9. KETUA: ARIEF HIDAYAT

Terima kasih, Pak Agus Wahyono. Berikutnya, keterangan dari Dewan Perwakilan Rakyat … Dewan Perwakilan Daerah Republik Indonesia. Silakan, Pak Nono.

12

10. DPD: NONO SAMPONO

Assalamualaikum wr. wb. Salam sejahtera untuk kita semua.
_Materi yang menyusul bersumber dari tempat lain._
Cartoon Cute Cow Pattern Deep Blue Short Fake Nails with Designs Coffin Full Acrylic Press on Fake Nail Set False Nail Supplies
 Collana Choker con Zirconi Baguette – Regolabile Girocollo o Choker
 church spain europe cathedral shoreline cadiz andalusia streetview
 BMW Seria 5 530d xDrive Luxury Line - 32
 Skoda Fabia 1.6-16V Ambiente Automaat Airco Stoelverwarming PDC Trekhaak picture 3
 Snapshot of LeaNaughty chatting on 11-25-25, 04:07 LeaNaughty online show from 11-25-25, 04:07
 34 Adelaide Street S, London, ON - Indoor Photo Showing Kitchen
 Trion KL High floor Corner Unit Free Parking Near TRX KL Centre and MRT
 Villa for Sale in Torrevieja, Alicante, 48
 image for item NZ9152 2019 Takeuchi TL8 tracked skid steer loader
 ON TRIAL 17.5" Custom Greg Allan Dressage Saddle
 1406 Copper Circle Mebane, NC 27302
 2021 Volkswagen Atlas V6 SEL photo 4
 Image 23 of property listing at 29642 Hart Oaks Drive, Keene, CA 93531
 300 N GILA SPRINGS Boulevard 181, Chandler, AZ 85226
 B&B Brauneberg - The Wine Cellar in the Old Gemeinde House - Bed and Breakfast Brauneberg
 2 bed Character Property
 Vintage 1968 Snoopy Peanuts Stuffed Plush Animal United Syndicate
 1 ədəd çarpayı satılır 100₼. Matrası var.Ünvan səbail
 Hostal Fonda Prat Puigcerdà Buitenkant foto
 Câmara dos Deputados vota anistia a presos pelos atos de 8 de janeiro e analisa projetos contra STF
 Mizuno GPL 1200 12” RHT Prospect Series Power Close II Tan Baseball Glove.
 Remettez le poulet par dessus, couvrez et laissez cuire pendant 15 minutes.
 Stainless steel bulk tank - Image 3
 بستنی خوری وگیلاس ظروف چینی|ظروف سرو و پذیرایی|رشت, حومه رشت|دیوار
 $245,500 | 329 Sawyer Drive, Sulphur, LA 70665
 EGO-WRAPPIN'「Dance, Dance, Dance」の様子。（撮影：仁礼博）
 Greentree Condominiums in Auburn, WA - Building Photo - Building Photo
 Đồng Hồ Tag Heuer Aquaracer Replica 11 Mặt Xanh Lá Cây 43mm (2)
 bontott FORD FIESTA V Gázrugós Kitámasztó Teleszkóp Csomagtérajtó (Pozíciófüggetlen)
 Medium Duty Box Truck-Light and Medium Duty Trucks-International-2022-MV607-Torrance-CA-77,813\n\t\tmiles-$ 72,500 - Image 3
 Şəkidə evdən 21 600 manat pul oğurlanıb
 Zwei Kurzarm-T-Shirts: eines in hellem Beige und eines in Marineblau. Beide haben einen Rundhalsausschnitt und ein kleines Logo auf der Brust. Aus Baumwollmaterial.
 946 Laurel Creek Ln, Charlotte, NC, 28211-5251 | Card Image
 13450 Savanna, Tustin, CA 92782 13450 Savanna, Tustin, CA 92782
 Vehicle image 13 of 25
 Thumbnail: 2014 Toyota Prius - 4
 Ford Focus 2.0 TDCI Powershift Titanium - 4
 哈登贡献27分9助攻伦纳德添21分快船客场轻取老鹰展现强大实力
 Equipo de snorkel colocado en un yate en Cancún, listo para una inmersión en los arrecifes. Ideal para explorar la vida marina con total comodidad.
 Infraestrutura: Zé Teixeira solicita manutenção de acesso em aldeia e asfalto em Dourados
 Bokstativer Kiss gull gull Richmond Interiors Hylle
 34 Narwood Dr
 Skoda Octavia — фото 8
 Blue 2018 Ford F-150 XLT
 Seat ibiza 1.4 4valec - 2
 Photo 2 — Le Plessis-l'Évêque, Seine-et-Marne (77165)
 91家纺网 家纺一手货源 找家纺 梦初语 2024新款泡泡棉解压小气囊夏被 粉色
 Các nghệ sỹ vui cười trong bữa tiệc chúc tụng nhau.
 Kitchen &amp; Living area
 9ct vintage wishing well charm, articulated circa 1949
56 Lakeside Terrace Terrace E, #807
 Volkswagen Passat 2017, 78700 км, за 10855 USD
Kepada Yang Mulia Ketua Majelis Hakim Mahkamah Konstitusi Republik Indonesia, izinkan saya membaca Keterangan Dewan Perwakilan Daerah Republik Indonesia atas Permohonan Uji Materiil Undang-Undang Nomor 21 Tahun 2014 tentang Panas Bumi dan Undang-Undang Nomor 23 Tahun 2014 tentang Pemerintahan Daerah, sebagaimana diubah dengan Undang-Undang Nomor 9 Tahun 2015 tentang Perubahan Kedua Atas Undang-Undang Nomor 23 Tahun 2014 tentang Pemerintahan Daerah terhadap Undang-Undang Dasar Negara Republik Indonesia Tahun 1945, dalam Perkara Nomor 11/PUU-XIV/2016. Jakarta, 4 April 2016. Kepada Yang Mulia Ketua dan Anggota Majelis Hakim Mahkamah Konstitusi Republik Indonesia di Jakarta.

Berdasarkan Surat dari Panitera Mahkamah Konstitusi Nomor 110.11/PAN.MK/3/2016 yang disampaikan kepada Dewan Perwakilan Daerah Republik Indonesia, perihal panggilan sidang. Ketua DPD RI dengan Surat Nomor DN.850/188/DPD/III/2016, tanggal 31 Maret 2016, telah menugaskan Anggota Komite I dan Komite II DPD RI, yaitu Letnan Jenderal Marinir Purnawirawan Dr. Nono Sampono, M.Si., Nomor Anggota B118, Parlindungan Purba, S.H., M.M., Nomor Anggota B7, dan Ir. H. Cholid Mahmud, S.T., M.T., Nomor Anggota B55 (yang bersangkutan absen). Dalam hal ini, baik secara bersama-sama maupun sendiri-sendiri bertindak untuk dan atas nama Dewan Perwakilan Daerah Republik Indonesia, yang selanjutnya disebut DPD. Sehubungan dengan permohonan Pengujian Undang-Undang Nomor 21 Tahun 2014 tentang Panas Bumi, selanjutnya disebut Undang-Undang Panas Bumi dan Undang-Undang Nomor 23 Tahun 2014 tentang Pemerintahan Daerah, sebagaimana diubah dengan Undang-Undang Nomor 9 Tahun 2015 tentang Perubahan Kedua Atas Undang-Undang Nomor 23 Tahun 2014 tentang Pemerintahan Daerah, selanjutnya disebut Undang-Undang Pemerintahan Daerah yang diajukan oleh: 1. Gubernur Jawa Timur Dr. H. Soekarwo bertindak untuk dan atas

nama Pemerintahan Daerah Provinsi Jawa Timur dalam Perkara a quo yang memberikan kuasa kepada Dr. Himawan Estu Bagijo, S.H., M.H., Ir. Dewi J. Putrianti … ulangi, Putriatni, Makhfudz, S.H., M.Si., Ir. Hasbi Mujtaba, Sulistyaningsih, S.H., M.H., Jempin Marbun, S.H., M.H., Cholik Hidayat, S.H., M.PSDM., Adi Sarono, S.H., M.H., Syailendra W., S.H., Hadid Manggala S., S.H., Moch. Arifin, S.H. berkedudukan di Jalan Pahlawan Nomor 110, Surabaya. Selanjutnya disebut Pemohon I.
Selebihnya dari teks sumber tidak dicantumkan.